Conclusions: Use of rhNGF is safe and tolerable in a topical 180-μg/mL formulation. Although no statistically significant short-term neuroenhancement was detected in this trial, given the strong effects of NGF in preclinical models and the trends detected in this study, analysis for efficacy in a neuroprotection trial is warranted. NOTE: Publication of this article is sponsored by the American Ophthalmological Society.

Copyright © 2021 Elsevier Inc. All rights reserved.

Figures

Figure 1.

Study Visit Schedule. Multiple visits (Screening, Day 0, Week 8, Week 12, and Week 32) required patients to return two or three days in the same week for testing, including repeat visual fields.

Figure 2.

Study design and patient disposition. In sixty (60) open-angle glaucoma patients, one eye was officially selected as the study eye although both eyes underwent dosing and data collection. Primary endpoints were safety, as assessed through adverse events, and tolerability, as assessed through Visual Analogue Scale (VAS). Secondary objectives were to measure changes in best corrected visual acuity (BCVA), Humphrey visual field (HVF), electroretinography (ERG), and optical coherence tomography (OCT) at baseline and at the week 8, 12, and 32 visits. Exploratory objectives included flavoprotein fluorescence and adaptive optics imaging and OCT angio. Results through week 32 for all subjects are reported.

Figure 3.

Mean intraocular pressure (IOP) at baseline, treatment and follow-up periods in study eyes. Standard error of the mean (SEM) indicated by vertical bars. Note that follow-up time is not on a linear scale.

Figure 4.

Ocular tolerability by a visual analog scale (VAS) from 0 to 100 mm (0= “no symptoms”; 100= “worst possible discomfort”) for each of 7 different symptoms: foreign body sensation, burning or stinging, itching, ocular pain, sticky feeling, blurred vision, and photophobia. Percentage of patients by 10mm categories by study arm, by visit, plotted.

Figure 5.

Best-corrected distance visual acuity (BCVA) as ETDRS letters at baseline, treatment and follow-up periods in study eyes. Standard error of the mean (SEM) indicated by vertical bars. Note that follow-up time is not on a linear scale.

Figure 6.

Mean optical coherence tomography (OCT) retinal nerve fiber layer (RNFL) thickness at baseline, treatment and follow-up visits in study eyes. Standard deviation (SD) indicated by vertical bars.
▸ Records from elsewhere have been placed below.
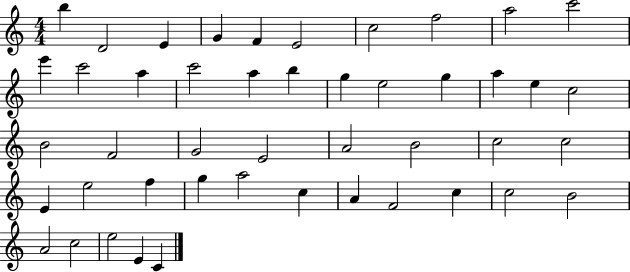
{
  \clef treble
  \numericTimeSignature
  \time 4/4
  \key c \major
  b''4 d'2 e'4 | g'4 f'4 e'2 | c''2 f''2 | a''2 c'''2 | \break e'''4 c'''2 a''4 | c'''2 a''4 b''4 | g''4 e''2 g''4 | a''4 e''4 c''2 | \break b'2 f'2 | g'2 e'2 | a'2 b'2 | c''2 c''2 | \break e'4 e''2 f''4 | g''4 a''2 c''4 | a'4 f'2 c''4 | c''2 b'2 | \break a'2 c''2 | e''2 e'4 c'4 | \bar "|."
} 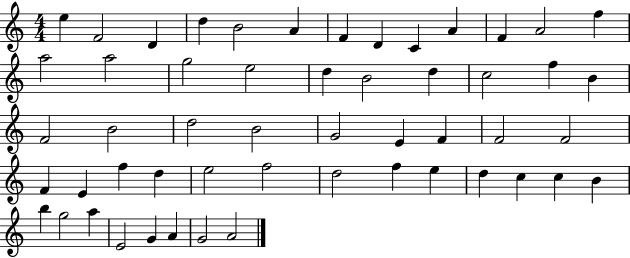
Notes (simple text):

E5/q F4/h D4/q D5/q B4/h A4/q F4/q D4/q C4/q A4/q F4/q A4/h F5/q A5/h A5/h G5/h E5/h D5/q B4/h D5/q C5/h F5/q B4/q F4/h B4/h D5/h B4/h G4/h E4/q F4/q F4/h F4/h F4/q E4/q F5/q D5/q E5/h F5/h D5/h F5/q E5/q D5/q C5/q C5/q B4/q B5/q G5/h A5/q E4/h G4/q A4/q G4/h A4/h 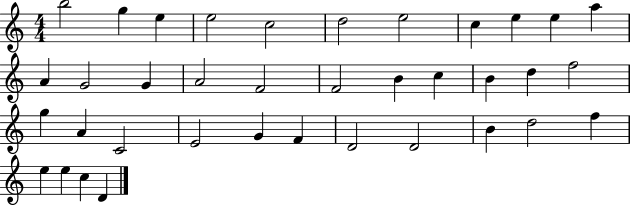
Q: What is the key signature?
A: C major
Note that follow-up time is not on a linear scale.

Figure 7.

Change in sectoral RNFL thickness by clock hour at (A) baseline to 8 weeks, and at (B) baseline to 32 weeks.

Figure 8.

Change in mean deviation (MD) of the visual fields by treatment arm and follow-up periods from baseline, in study eyes. Standard deviation (SD) indicated by vertical bars. Note that follow-up time is not on a linear scale.

Figure 9.

Required sample sizes for 80 percent power in t-test of retinal nerve fiber layer (RNFL). Curve for 80% power and significance level 0.05 for a t-test between two groups assuming that the within-group variability in changes is completely due to measurement error that has standard deviation (SD) 4.0.